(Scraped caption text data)

++++++++

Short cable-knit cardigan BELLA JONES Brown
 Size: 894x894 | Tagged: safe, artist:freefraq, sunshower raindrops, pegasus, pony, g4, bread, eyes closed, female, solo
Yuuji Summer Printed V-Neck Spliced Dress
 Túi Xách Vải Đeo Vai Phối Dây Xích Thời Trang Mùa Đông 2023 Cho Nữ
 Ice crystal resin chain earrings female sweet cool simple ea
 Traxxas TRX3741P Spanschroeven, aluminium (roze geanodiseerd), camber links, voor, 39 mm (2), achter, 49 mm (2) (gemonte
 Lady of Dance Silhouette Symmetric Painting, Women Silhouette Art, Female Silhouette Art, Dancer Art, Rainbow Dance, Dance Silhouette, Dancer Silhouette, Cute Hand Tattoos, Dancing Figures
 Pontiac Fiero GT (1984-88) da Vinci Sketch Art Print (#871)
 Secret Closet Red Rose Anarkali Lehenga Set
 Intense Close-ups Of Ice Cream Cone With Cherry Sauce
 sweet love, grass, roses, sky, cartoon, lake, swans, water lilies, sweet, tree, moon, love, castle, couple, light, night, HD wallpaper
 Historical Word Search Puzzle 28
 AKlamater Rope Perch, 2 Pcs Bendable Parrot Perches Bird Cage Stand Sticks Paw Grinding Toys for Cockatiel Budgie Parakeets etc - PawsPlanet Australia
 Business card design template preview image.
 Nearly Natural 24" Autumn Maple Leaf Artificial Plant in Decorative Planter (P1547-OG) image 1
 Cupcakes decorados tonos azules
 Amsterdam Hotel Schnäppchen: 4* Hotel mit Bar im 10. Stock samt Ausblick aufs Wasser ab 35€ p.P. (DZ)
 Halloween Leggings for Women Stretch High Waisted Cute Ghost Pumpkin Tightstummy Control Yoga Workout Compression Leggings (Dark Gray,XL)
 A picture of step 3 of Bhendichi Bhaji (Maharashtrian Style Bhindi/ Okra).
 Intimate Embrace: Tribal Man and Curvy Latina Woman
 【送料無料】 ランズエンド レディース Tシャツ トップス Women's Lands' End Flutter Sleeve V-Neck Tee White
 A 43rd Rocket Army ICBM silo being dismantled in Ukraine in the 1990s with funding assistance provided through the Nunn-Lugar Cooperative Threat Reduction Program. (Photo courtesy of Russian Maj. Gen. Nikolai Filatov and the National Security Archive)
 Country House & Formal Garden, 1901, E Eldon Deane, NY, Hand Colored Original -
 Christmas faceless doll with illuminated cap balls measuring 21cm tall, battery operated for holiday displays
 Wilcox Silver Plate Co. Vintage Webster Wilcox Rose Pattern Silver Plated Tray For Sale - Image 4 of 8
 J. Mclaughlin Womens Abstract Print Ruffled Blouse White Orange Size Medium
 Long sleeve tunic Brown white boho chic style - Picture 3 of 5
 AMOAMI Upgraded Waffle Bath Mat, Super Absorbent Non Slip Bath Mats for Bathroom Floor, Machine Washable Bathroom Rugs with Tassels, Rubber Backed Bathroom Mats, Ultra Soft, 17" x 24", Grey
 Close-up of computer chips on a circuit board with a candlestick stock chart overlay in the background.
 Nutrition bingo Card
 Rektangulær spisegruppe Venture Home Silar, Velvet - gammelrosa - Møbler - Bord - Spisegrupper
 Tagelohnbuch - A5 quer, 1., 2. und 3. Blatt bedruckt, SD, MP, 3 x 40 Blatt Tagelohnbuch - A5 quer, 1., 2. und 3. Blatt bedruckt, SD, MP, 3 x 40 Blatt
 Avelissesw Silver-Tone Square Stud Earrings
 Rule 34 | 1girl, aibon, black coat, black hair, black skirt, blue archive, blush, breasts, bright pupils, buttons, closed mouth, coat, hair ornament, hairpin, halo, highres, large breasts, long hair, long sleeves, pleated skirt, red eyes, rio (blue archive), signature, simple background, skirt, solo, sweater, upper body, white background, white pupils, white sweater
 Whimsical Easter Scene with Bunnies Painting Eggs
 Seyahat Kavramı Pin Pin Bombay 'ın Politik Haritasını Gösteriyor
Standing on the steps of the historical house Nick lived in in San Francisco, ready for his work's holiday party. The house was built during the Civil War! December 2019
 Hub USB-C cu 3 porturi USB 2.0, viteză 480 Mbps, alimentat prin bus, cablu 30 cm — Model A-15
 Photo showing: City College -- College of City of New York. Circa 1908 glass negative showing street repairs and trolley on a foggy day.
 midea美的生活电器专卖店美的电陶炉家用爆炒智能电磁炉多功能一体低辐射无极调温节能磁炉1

++++++++

Beginning at the line containing "Close-up of computer", repeat each line exactly through the last line of the entries, and include no other lines.

RESPONSE
 Close-up of computer chips on a circuit board with a candlestick stock chart overlay in the background.
 Nutrition bingo Card
 Rektangulær spisegruppe Venture Home Silar, Velvet - gammelrosa - Møbler - Bord - Spisegrupper
 Tagelohnbuch - A5 quer, 1., 2. und 3. Blatt bedruckt, SD, MP, 3 x 40 Blatt Tagelohnbuch - A5 quer, 1., 2. und 3. Blatt bedruckt, SD, MP, 3 x 40 Blatt
 Avelissesw Silver-Tone Square Stud Earrings
 Rule 34 | 1girl, aibon, black coat, black hair, black skirt, blue archive, blush, breasts, bright pupils, buttons, closed mouth, coat, hair ornament, hairpin, halo, highres, large breasts, long hair, long sleeves, pleated skirt, red eyes, rio (blue archive), signature, simple background, skirt, solo, sweater, upper body, white background, white pupils, white sweater
 Whimsical Easter Scene with Bunnies Painting Eggs
 Seyahat Kavramı Pin Pin Bombay 'ın Politik Haritasını Gösteriyor
Standing on the steps of the historical house Nick lived in in San Francisco, ready for his work's holiday party. The house was built during the Civil War! December 2019
 Hub USB-C cu 3 porturi USB 2.0, viteză 480 Mbps, alimentat prin bus, cablu 30 cm — Model A-15
 Photo showing: City College -- College of City of New York. Circa 1908 glass negative showing street repairs and trolley on a foggy day.
 midea美的生活电器专卖店美的电陶炉家用爆炒智能电磁炉多功能一体低辐射无极调温节能磁炉1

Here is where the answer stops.